A biquadratic IIR filter supports up to two zeros and two poles in the transfer function. It can be used to implement a wide range of responses to input signals.

The Biquad performs the following operation to compute a new output sample y0 from a new input sample x0 given its configuration and previous samples:

y0 = clamp(b0*x0 + b1*x1 + b2*x2 - a1*y1 - a2*y2 + u, min, max)

This implementation here saves storage and improves caching opportunities by decoupling filter configuration (coefficients, limits and offset) from filter state and thus supports both (a) sharing a single filter between multiple states (“channels”) and (b) rapid switching of filters (tuning, transfer) for a given state without copying either state of configuration.

§Filter architecture

Direct Form 1 (DF1) and Direct Form 2 transposed (DF2T) are the only IIR filter structures with an (effective bin the case of TDF2) single summing junction this allows clamping of the output before feedback.

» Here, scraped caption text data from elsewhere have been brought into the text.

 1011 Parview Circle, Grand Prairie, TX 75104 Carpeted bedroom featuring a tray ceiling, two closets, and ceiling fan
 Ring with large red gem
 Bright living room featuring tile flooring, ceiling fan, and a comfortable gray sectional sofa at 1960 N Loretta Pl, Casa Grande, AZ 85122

DF1 allows atomic coefficient change because only inputs and outputs are pipelined. The summing junctuion pipelining of TDF2 would require incremental coefficient changes and is thus less amenable to online tuning.

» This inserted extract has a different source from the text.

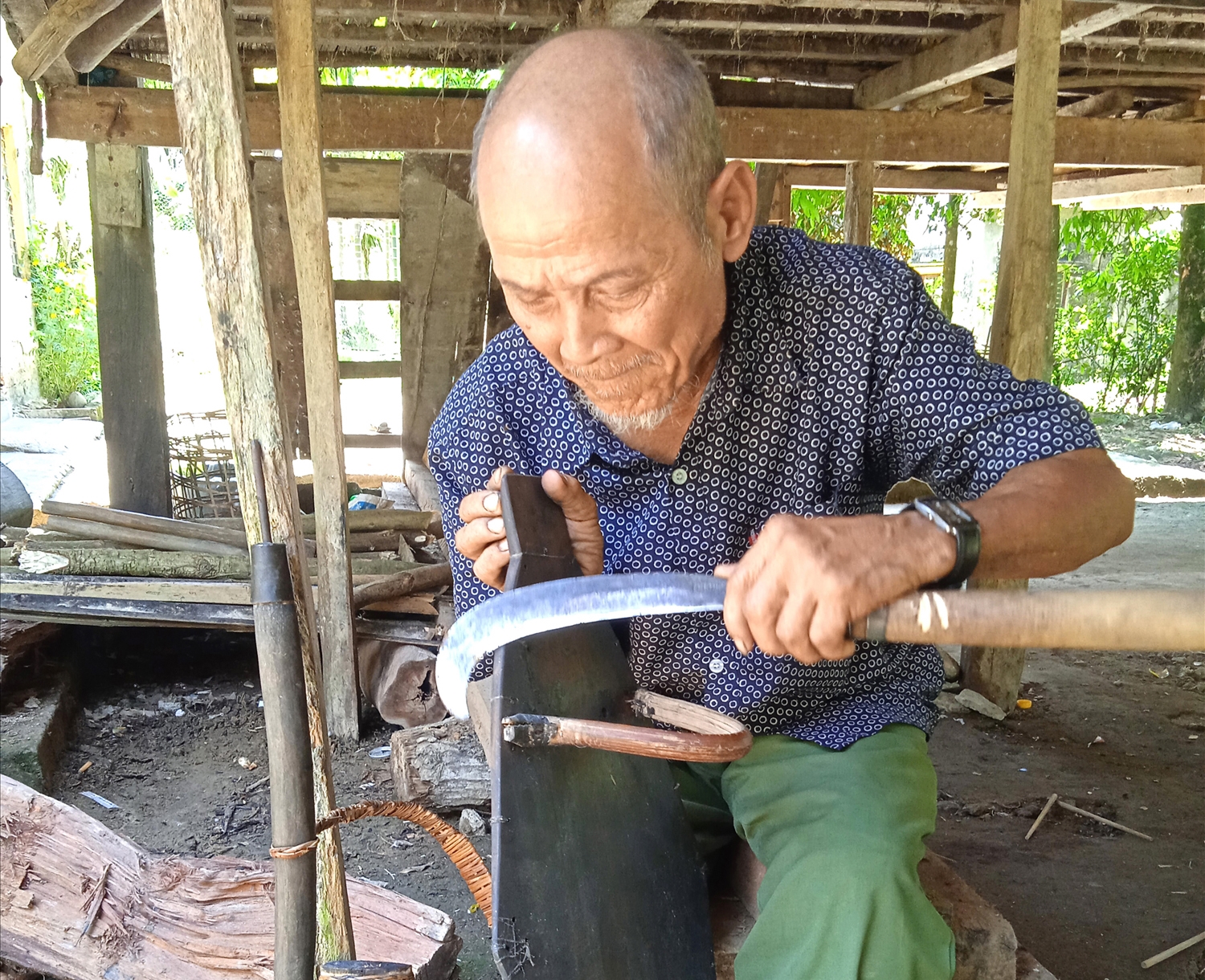 Già Đinh Văn An ở tại thôn 6, xã Trà Bui đang làm khiên.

DF2T needs less state storage (2 instead of 4). This is in addition to the coefficient storage (5 plus 2 limits plus 1 offset)

DF2T is less efficient and accurate for fixed-point architectures as quantization happens at each intermediate summing junction in addition to the output quantization. This is especially true for common i64 + i32 * i32 -> i64 MACC architectures. One could use wide state storage for fixed point DF2T but that would negate the storage and processing advantages.

§Coefficients

ba: [T; 5] = [b0, b1, b2, a1, a2] is the coefficients type. To represent the IIR coefficients, this contains the feed-forward coefficients b0, b1, b2 followed by the feed-back coefficients a1, a2, all five normalized such that a0 = 1.

The summing junction of the filter also receives an offset u.

The filter applies clamping such that min <= y <= max.

See crate::iir::Filter and crate::iir::Pid for ways to generate coefficients.

§Fixed point

Coefficient scaling (see Coefficient) is fixed and optimized such that -2 is exactly representable. This is tailored to low-passes, PID, II etc, where the integration rule is [1, -2, 1].

There are two guard bits in the accumulator before clamping/limiting. While this isn’t enough to cover the worst case accumulator, it does catch many real world overflow cases.

§State

To represent the IIR state (input and output memory) during Biquad::update() the DF1 state contains the two previous inputs and output [x1, x2, y1, y2] concatenated. Lower indices correspond to more recent samples.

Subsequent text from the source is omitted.